I guess I shouldn’t say “today”. There has always been such a thing as elite fashion vs popular taste.

How does a publishing house that requires a minimum number of pre-ordered books to go to print differ from a Kickstarter project? Are they the taste-makers? The editors who take no chances? Who gives them that mandate? I don’t understand “publishing” anymore. I read recently about a woman whose memoir was turned down – even though the publishers said the writing was wonderful – because she didn’t have a big enough twitter following.

Is a list of journal publications a demonstration of quality, a proof of “dues paid”, or an indication of name-recognition that is undeniably important? What the hell is the value of a twitter following in terms of literature? Did you see the Black Mirror episode about the class system based on popularity ratings?

We like you. I have a little earworm now: “Stop Trying“.

When I was working with PEN, I was invited to several international poetry festivals and was surprised by the power of political poetry. Keywords would incite howls of appreciation, and flowers from the audience. It was a fascinating thing to watch. It was also something that I had no business taking part in.

And yet – I’m not willing to accept that my voice is of any less value because I don’t speak to a particular political movement.

So since then, I’ve been a little lost. Technically, I’m no longer an American poet. In practice, this means that there are several wonderful publishers that I cannot even submit work to. In Norway, I am – and will always be – an American poet.

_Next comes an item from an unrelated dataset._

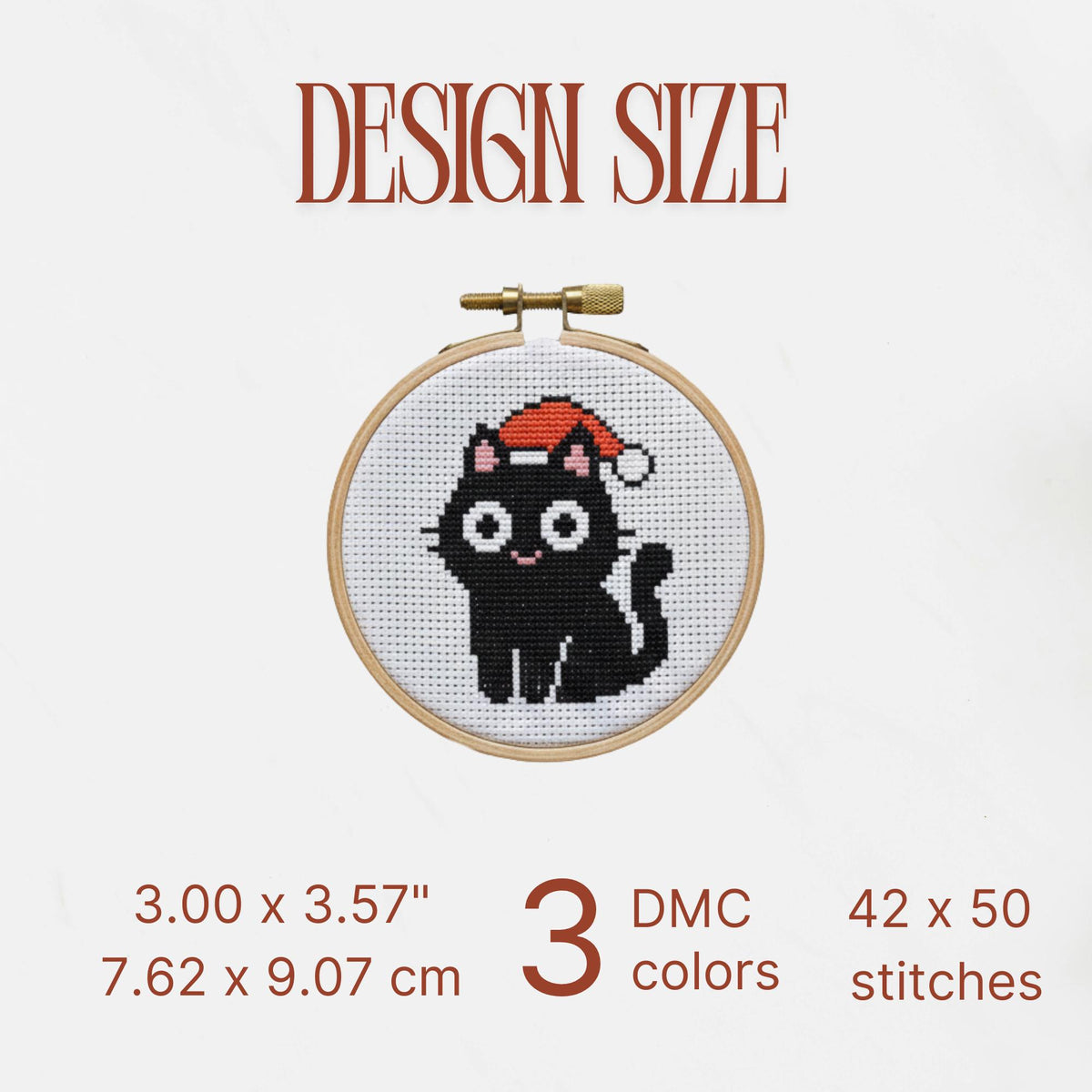 9 Christmas Cats Mini Cross Stitch Patterns, Small Quick Designs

Yeah. That’s not a good thing, if you are wondering.

What is my voice worth? How is it relevant? As you said before , “wtf do i want to say?” and the nagging voice that says “nobody cares what I have to say, even me.”

We care, though.

Is that enough?

This year the kulturråd that purchases literary work for libraries has yet to purchase a single poetry collection. My publisher is taking a huge risk with my book this year. And if this turns out to be a permanent trend, it may mean the end to my path for publication here in Norway.

Like you, I just want to want to shrug and say, “I don’t care. Whatever.” I’m working towards that. But I’m not there yet.

Maybe I will go back to making  handmade books this year.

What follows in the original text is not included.